→ **WHAT YOU SHOULD DO**: What you return should be the complete listing, unchanged, with no pictures in it.

→ **DATASET EXCERPTS**:
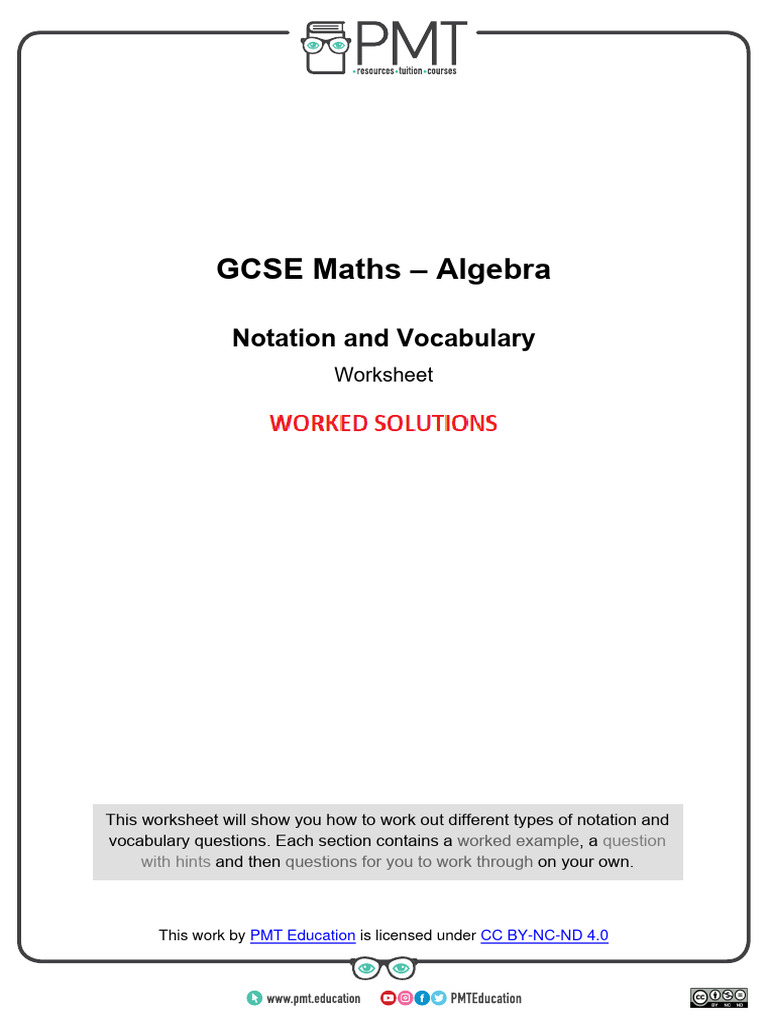 GCSE Maths Algebra Notation Worksheet | PDF | Mathematics | Arithmetic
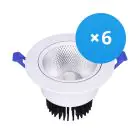 Lot 6x Downlight LED Rond Inclinable 12W 960lm 60D - 930 Blanc Chaud | 110mm - Diamètre 90mm - UGR 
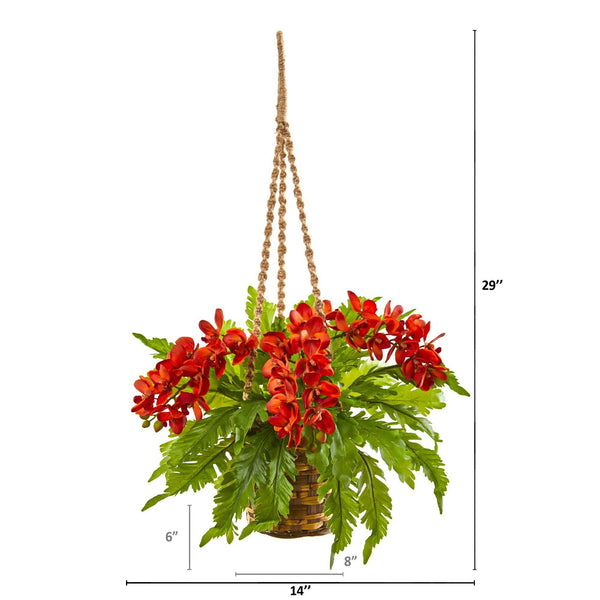 29” Artificial Fern & Phalaenopsis Orchid Plant in Hanging Basket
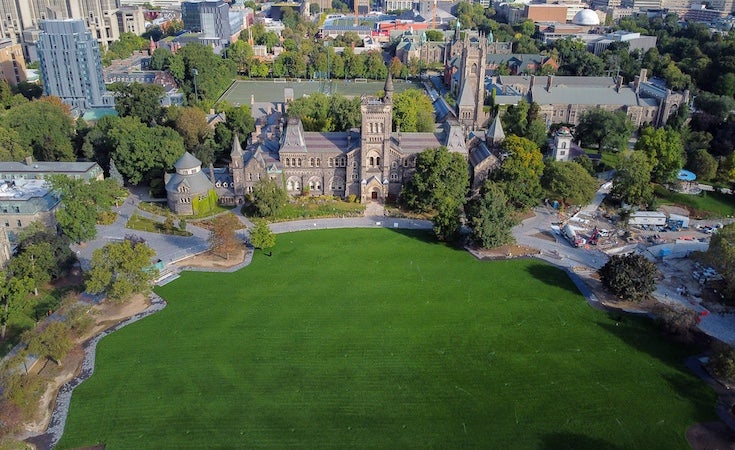 Aerial view of St. George campus green space.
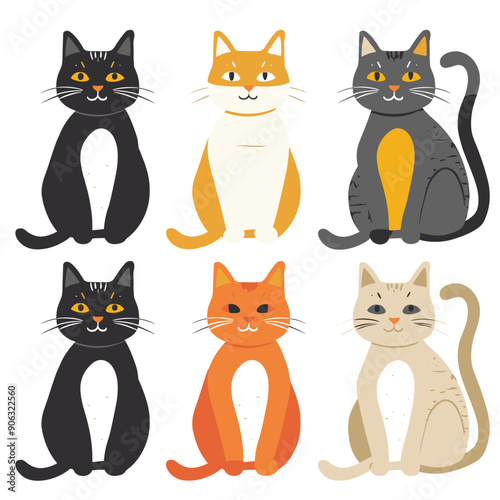 Six cute cartoon cats sitting, various colors patterns. Feline friends illustration, different coat designs, playful pet theme. Simple stylized cat characters, charming animal collection graphic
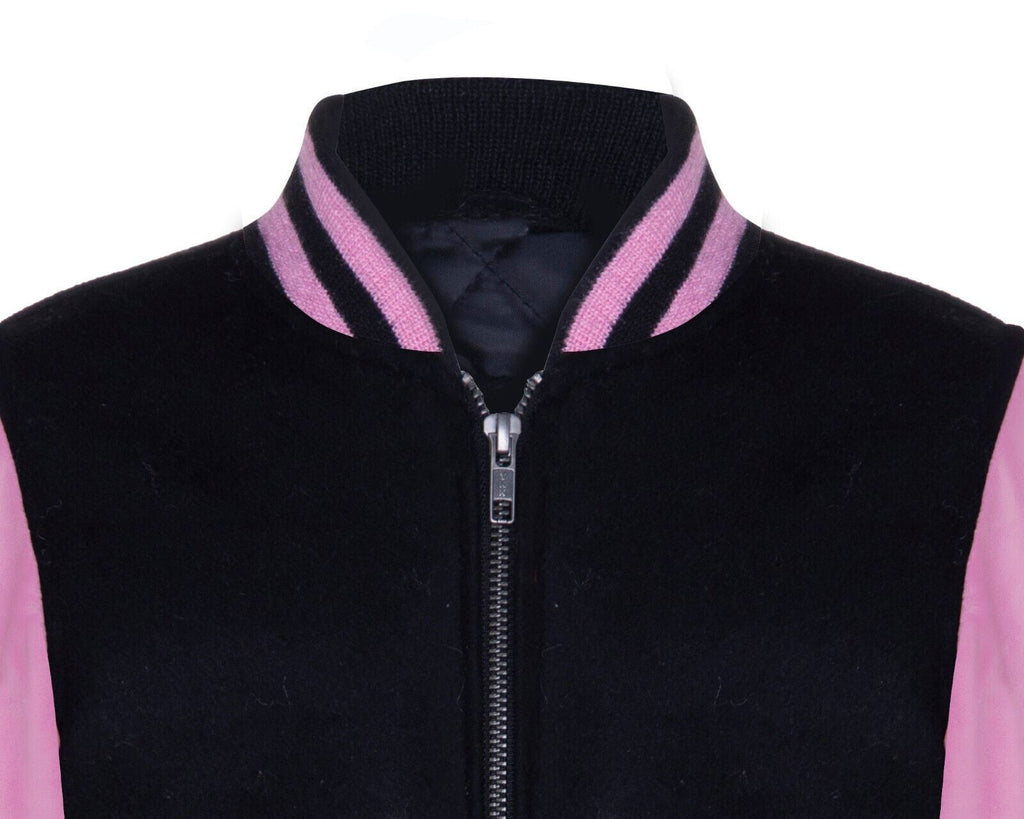 Kids Varsity Black & Pink Bomber Jacket with Real Leather Sleeves 3-13 yrs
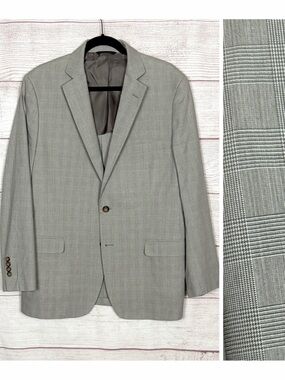 Brooks Brothers Gray Blazer Cotton Italian Fabric Lightweight Fitzgerald  43R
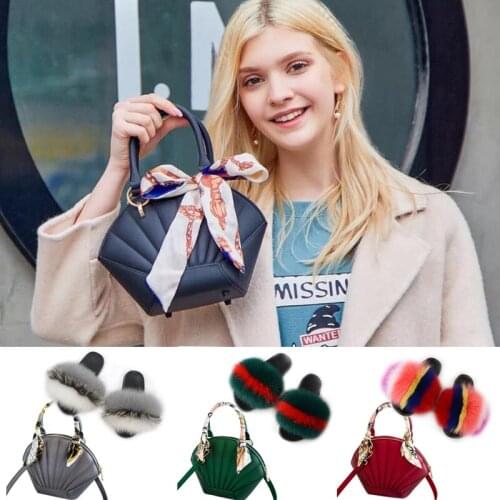 Women Real Fox Fur Slippers Girls Fluffy Party Slides Ladies Furry Sandals House Shoes Matte Colorful Fashion Jelly Bags Sets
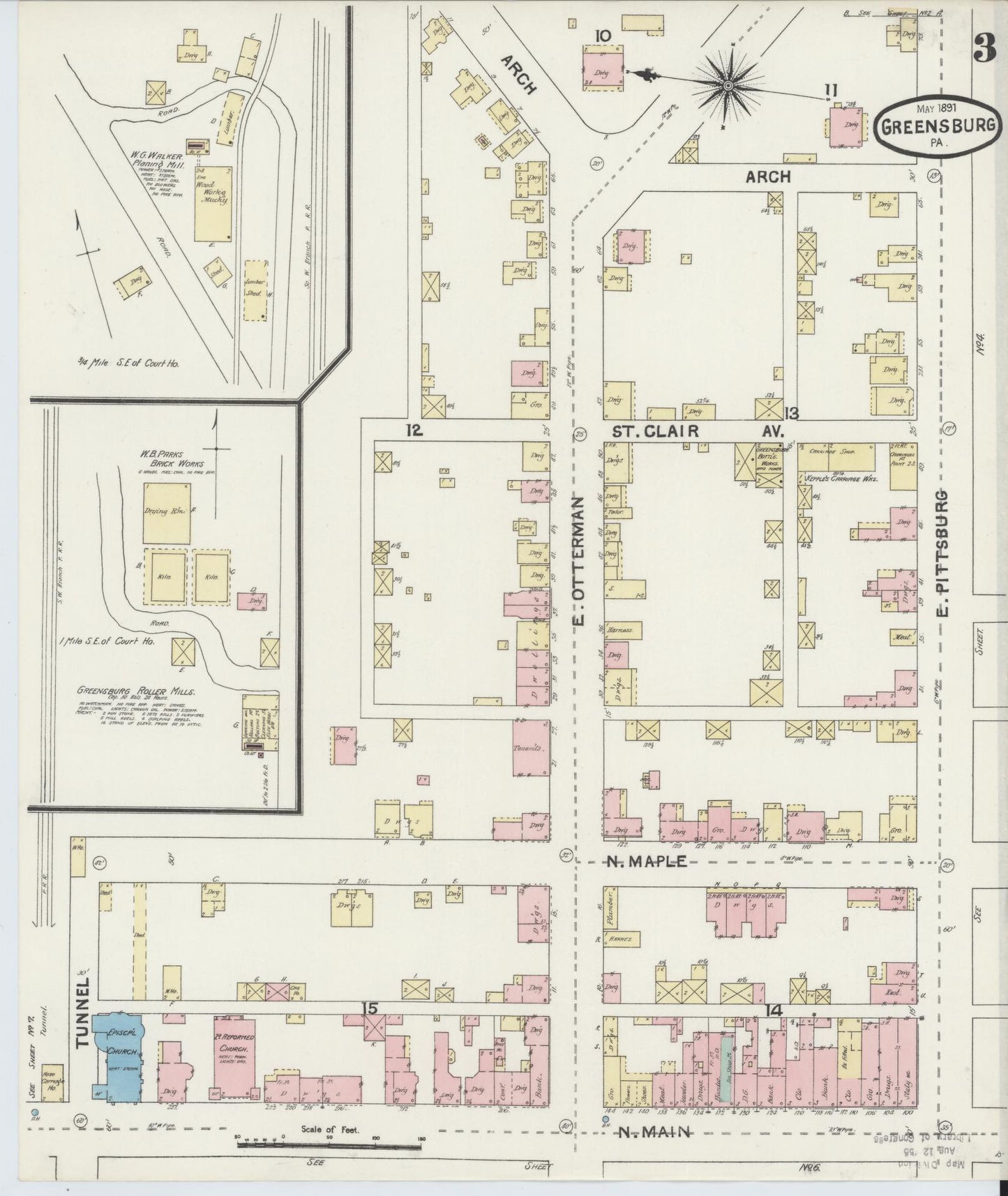 Sanborn Fire Insurance Map from Greensburg, Westmoreland County, Pennsylvania (1891), Sheet #0003 - Historic Sanborn Fire Insurance Map Print, vintage old map wall art, antique decor, genealogy gift, Pennsylvania Pennsylvania map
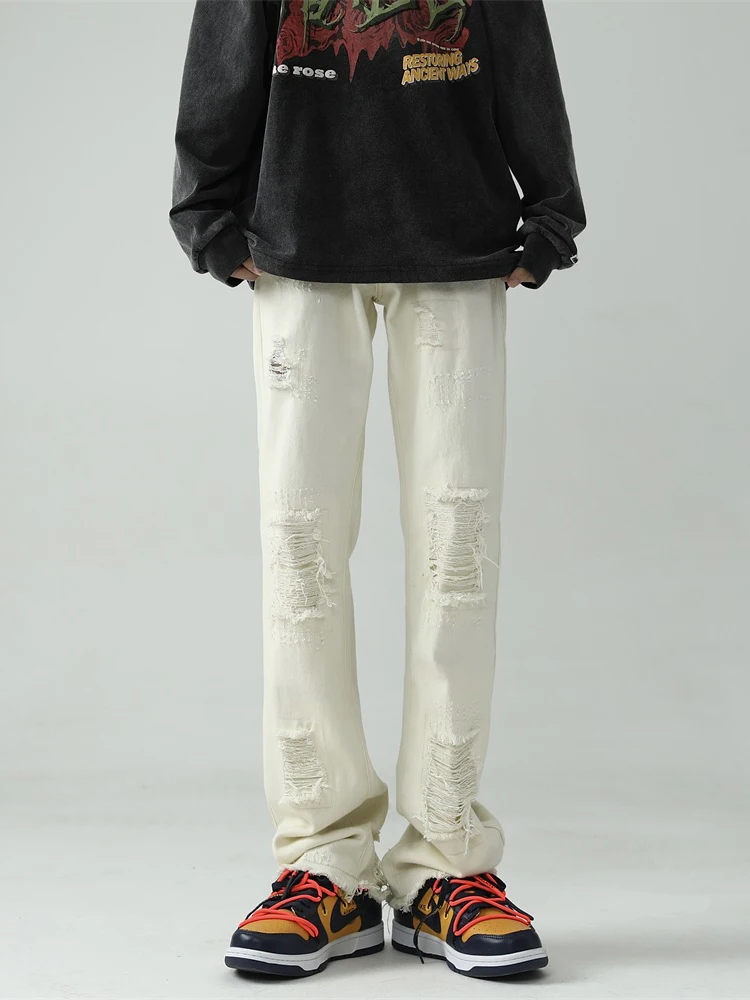 

Мужские джинсы American Sle в винтажном стиле, модные, слим-фит, прямые, длинные, с эффектом потертости, осенние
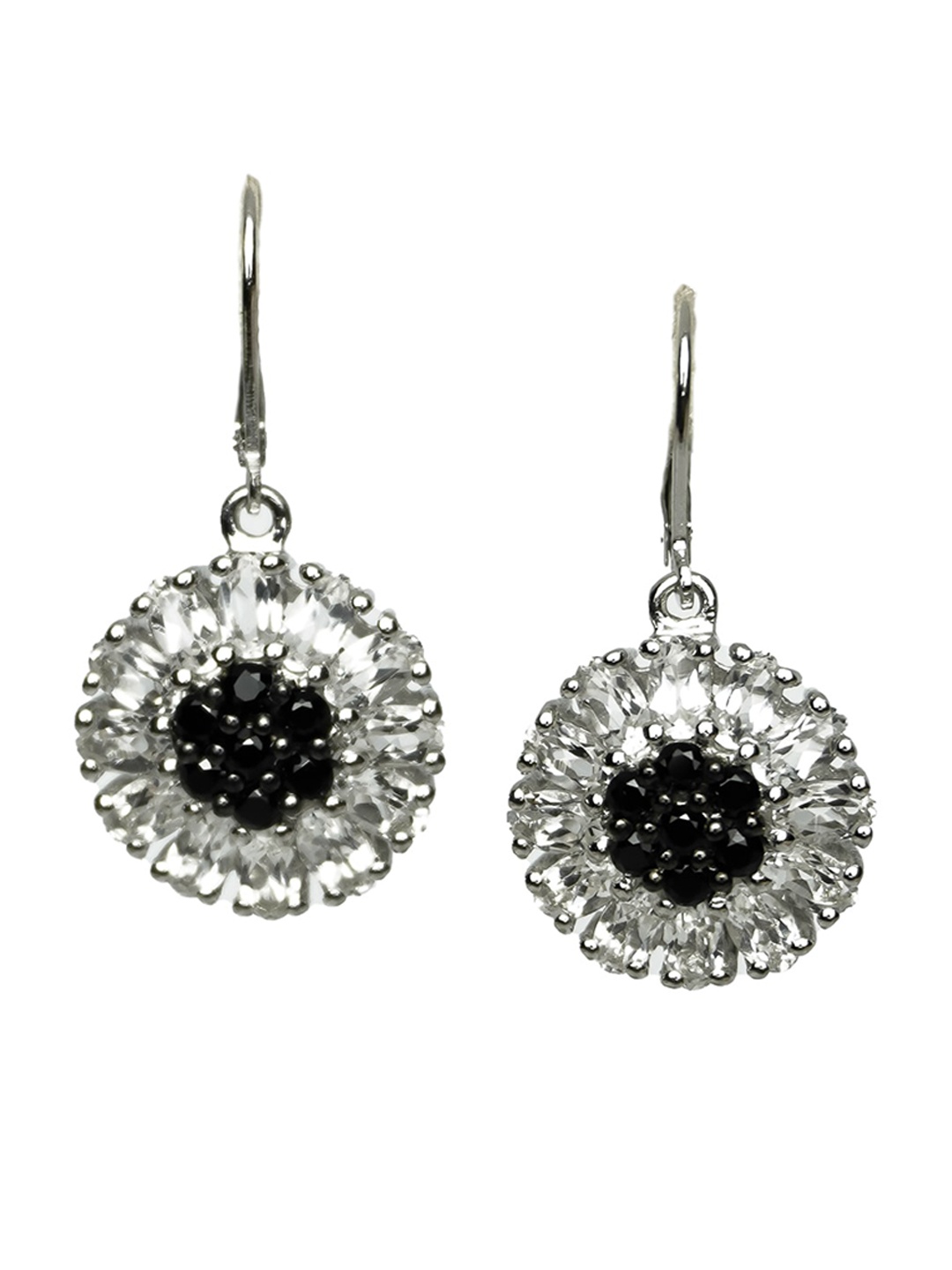 

HIFLYER JEWELS Floral Drop Earrings, Black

→ **RESPONSE TO THE EXERCISE**:
 GCSE Maths Algebra Notation Worksheet | PDF | Mathematics | Arithmetic
 Lot 6x Downlight LED Rond Inclinable 12W 960lm 60D - 930 Blanc Chaud | 110mm - Diamètre 90mm - UGR 
 29” Artificial Fern & Phalaenopsis Orchid Plant in Hanging Basket
 Aerial view of St. George campus green space.
 Six cute cartoon cats sitting, various colors patterns. Feline friends illustration, different coat designs, playful pet theme. Simple stylized cat characters, charming animal collection graphic
 Kids Varsity Black & Pink Bomber Jacket with Real Leather Sleeves 3-13 yrs
 Brooks Brothers Gray Blazer Cotton Italian Fabric Lightweight Fitzgerald  43R
 Women Real Fox Fur Slippers Girls Fluffy Party Slides Ladies Furry Sandals House Shoes Matte Colorful Fashion Jelly Bags Sets
 Sanborn Fire Insurance Map from Greensburg, Westmoreland County, Pennsylvania (1891), Sheet #0003 - Historic Sanborn Fire Insurance Map Print, vintage old map wall art, antique decor, genealogy gift, Pennsylvania Pennsylvania map

Мужские джинсы American Sle в винтажном стиле, модные, слим-фит, прямые, длинные, с эффектом потертости, осенние

HIFLYER JEWELS Floral Drop Earrings, Black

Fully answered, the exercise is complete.